Data Structures for Bioinformatics
Keywords |
Classification |
Keyword |
OFICIAL |
Computer Science |
Instance: 2022/2023 - 2S

Cycles of Study/Courses
Teaching language
Suitable for English-speaking students
Objectives
The objective of this UC is to develop the ability to use a programming language (Python) as an instrument for scientific analysis. From this course it will be possible to develop complex programs and automate practical data exploration tasks, and offer an introduction to the extraction, processing, and visualization of data, in particular biomedical data of real use, i.e., with dimensionality, heterogeneity and volume not trivial. Special attention will be given to Python's data analysis ecosystem and its powerful libraries for data manipulation (e.g. numpy, pandas), scientific and statistical processing (e.g. scipy), visualization (e.g. matplotlib) or advanced data analysis using other domain-specific libraries.

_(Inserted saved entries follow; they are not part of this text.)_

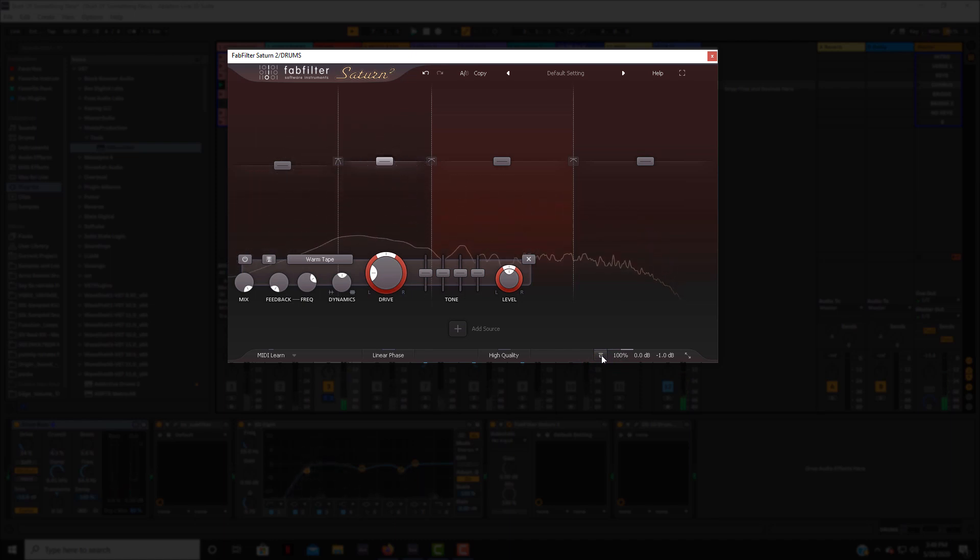You can hear how it just brings those drums to life. Like it gives it more life, more knock, you know. So let's hear that in context.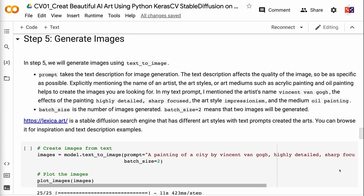In my text prompt, I mention the artist's name Vincent van Gogh, the effects of the painting highly detailed and sharp focused, the art style impressionism, and the medium oil painting. Batch size is the number of images generated. Batch size equals 2 means that two images will be generated.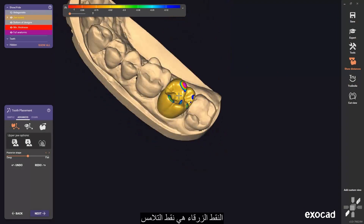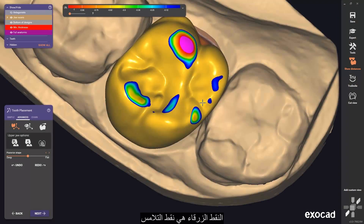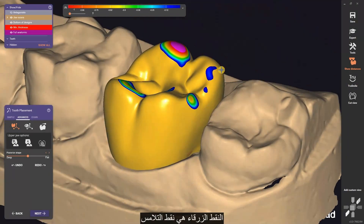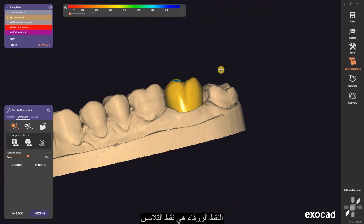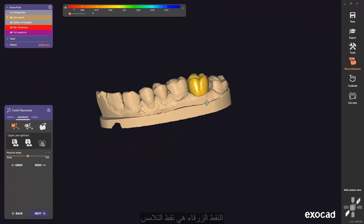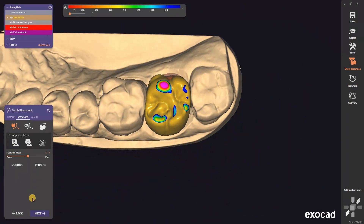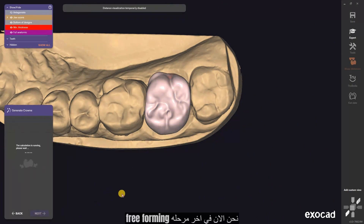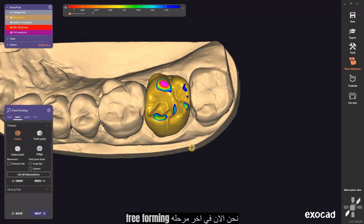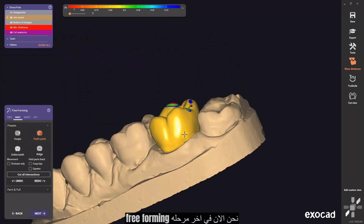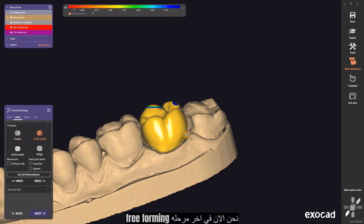The blue points are contact points. Now we are on the last part — free-forming the tooth.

Learning outcomes and competences
The student must be able to:
- Confidently use basic Python data structures and advanced data structures that allow efficient manipulation of large volumes of data (e.g. pandas or numpy).
- Program with the proper level of abstraction and encapsulation.

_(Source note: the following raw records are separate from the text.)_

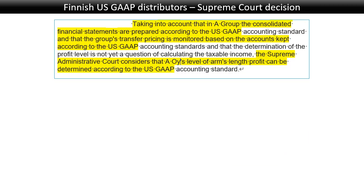The Supreme Court decision is rather short. With regard to the US GAAP versus Finnish GAAP issue, it says: taking into account that the consolidated financial statements are prepared according to US GAAP and that the group's central pricing is monitored based on accounts kept according to US GAAP, the Supreme Administrative Court considers that an arm's length profit can be determined according to US GAAP. Notably it doesn't say it must be — it says it can. In other words, you can also use IFRS or local GAAP, but the group argued it's much more consistent to use group GAAP across different countries.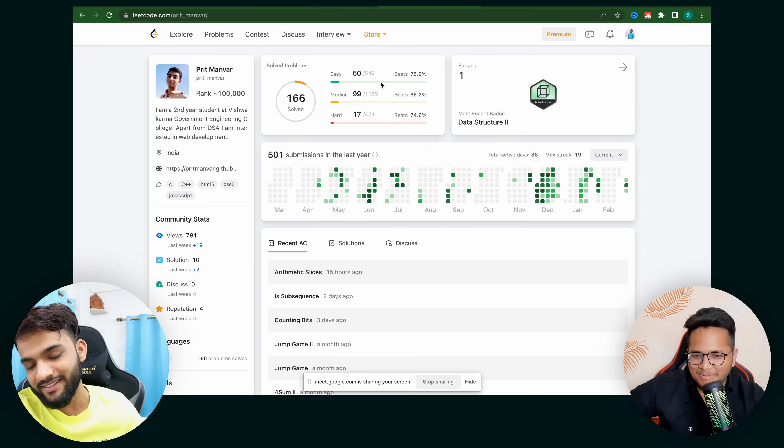That will be it for the LeetCode profile review. I hope you enjoyed it. Thank you for joining, and thank you so much for having me here. Make sure to follow Arsh for hiring updates.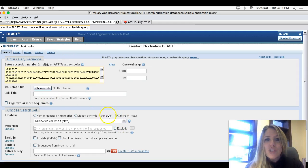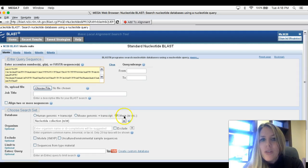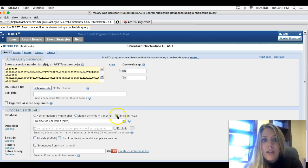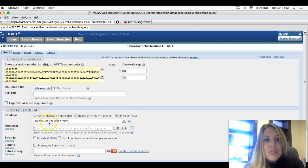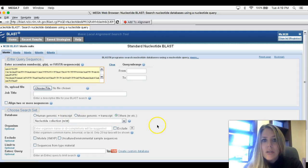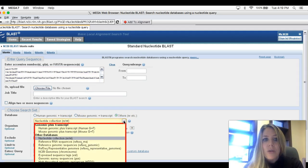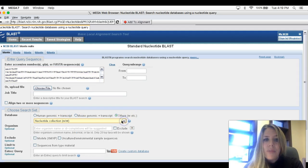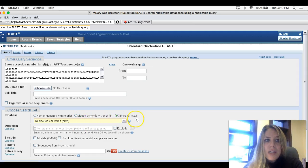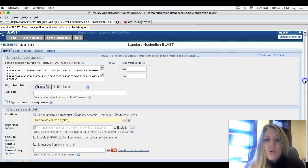Once that's in there, I'm going to do some checks here. I want to make sure Others is clicked on right there. I want to make sure this says Nucleotide Collection. If not, you can just pull down the window and find that. So Others, Nucleotide Collection. And then scroll down.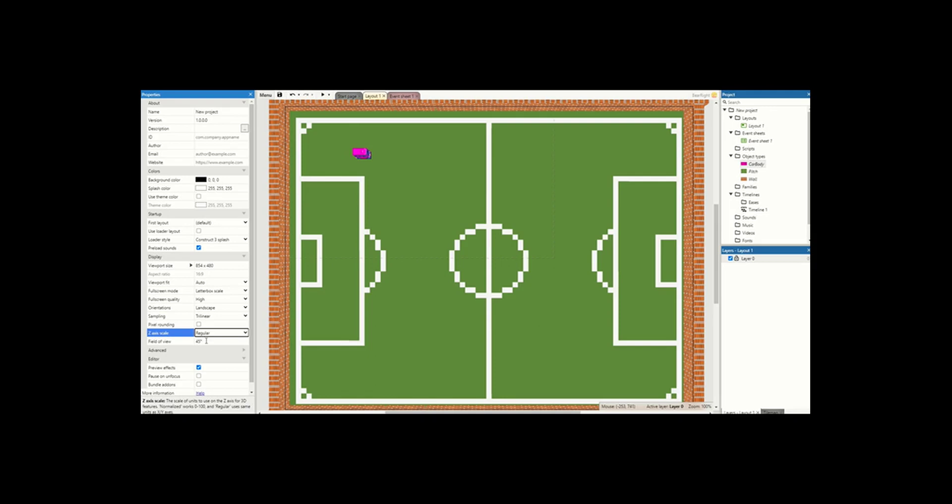There's also a field of view scaler which we won't be touching in this one, but if you want to make it so the 3D camera has got a wider field of view or a smaller field of view, you can change that here as well.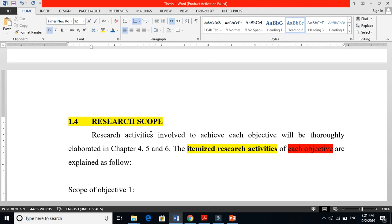Research scope shows the limitations — meaning you can use this method, this method, and this method. This is your limitation; you have limited your study to particular methods within a defined circle. That is why you limit your work to the particular method you will use to achieve your objective. I hope research scope and research objective are now clear. If you have any difficulty, put your comment below and I will definitely respond.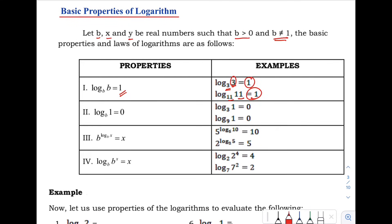Next, we have the logarithm of 1 with base B is equals to 0. When the number inside the logarithm is 1, with any base greater than 0, the answer is 0. Example: the logarithm of 1 with base 3 — since the number is 1, the answer is 0.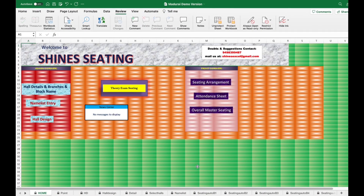Welcome to Shine Seating. This is the new version called Madurai, which has seating arrangement, admin sheet, and overall master seating. This seating arrangement has the ability to allocate students in different blocks — each block has different classes or halls — and it can accommodate up to 10 blocks of students.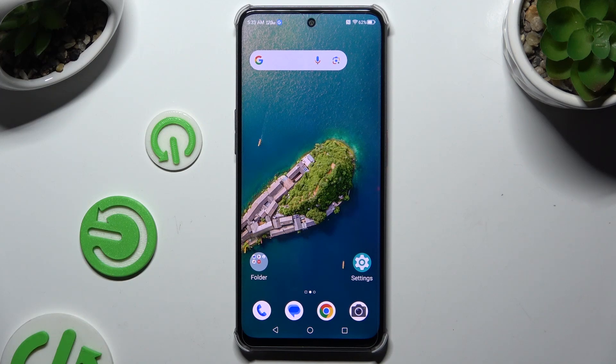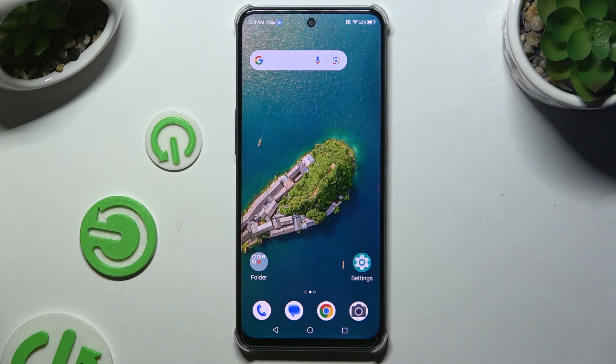In front of me is the Nubia Nu2, and today I would like to show you how you can set up screen lock.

- Produce correct, well-structured and well-documented code.
- Extract and process data from different sources in different formats (e.g., textual, numerical, tabular or semi-structured), from generic formats to biomedical data formats.
• Use external libraries to visualize numerical and biomedical data (e.g. demographical data, gene expression data).
Working method
Presencial
Pre-requirements (prior knowledge) and co-requirements (common knowledge)

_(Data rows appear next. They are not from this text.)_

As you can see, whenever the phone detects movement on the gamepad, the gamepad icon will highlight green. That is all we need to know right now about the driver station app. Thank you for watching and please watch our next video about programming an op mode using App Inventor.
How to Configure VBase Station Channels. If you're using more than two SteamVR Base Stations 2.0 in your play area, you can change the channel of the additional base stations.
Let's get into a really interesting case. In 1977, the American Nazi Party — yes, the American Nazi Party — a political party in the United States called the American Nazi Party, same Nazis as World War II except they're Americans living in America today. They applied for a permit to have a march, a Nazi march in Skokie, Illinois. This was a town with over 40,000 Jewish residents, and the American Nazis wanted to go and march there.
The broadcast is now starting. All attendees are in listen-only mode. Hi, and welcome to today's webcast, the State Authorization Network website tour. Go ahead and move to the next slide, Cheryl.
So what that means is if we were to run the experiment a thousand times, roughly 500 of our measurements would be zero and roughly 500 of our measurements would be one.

Some basic familiarity with the Python language and its development environment is preferential.
Program
Data types for collections: lists, tuples, dictionaries and sets. Definition of new types: notion of class, objects and methods. Code structuring using modules. Three basic programming principles: encapsulation, abstraction, and separation of concepts.
Introduction to the Python Scientific computing ecosystem.
Introduction to data creation, extraction and processing (e.g. using numpy). Reading data in different formats and converting into Python data structures. Manipulation and processing of data programmatically (e.g. using pandas). Introduction to Data Visualization and graphic generation (e.g. matplotlib). Visualization of numerical and biomedical data (e.g. boxplot generation to compare data distributions, heatmap visualization for genomic data).
Mandatory literature
Allen Downey;
How to think like a computer scientist. ISBN: 0-9716775-0-6
Complementary Bibliography
Daniel Y. Chen; Pandas for Everyone, Addison-Wesley
Jake VanderPlas; Python data science handbook: Essential tools for working with data., O'Reilly Media, Inc
Wes McKinney; Python for data analysis: Data wrangling with Pandas, NumPy, and IPython, O'Reilly Media, Inc
Christian Hill; Learning Scientific Programming with Python 2nd Edition, Cambridge University Press, 2020. ISBN: 1108745911 (https://scipython.com/book2/)
Martin Jones; Biological data exploration with Python, pandas and seaborn: Clean, filter, reshape and visualize complex biological datasets using the scientific Python stack, Independently published, 2020 (https://pythonforbiologists.com/)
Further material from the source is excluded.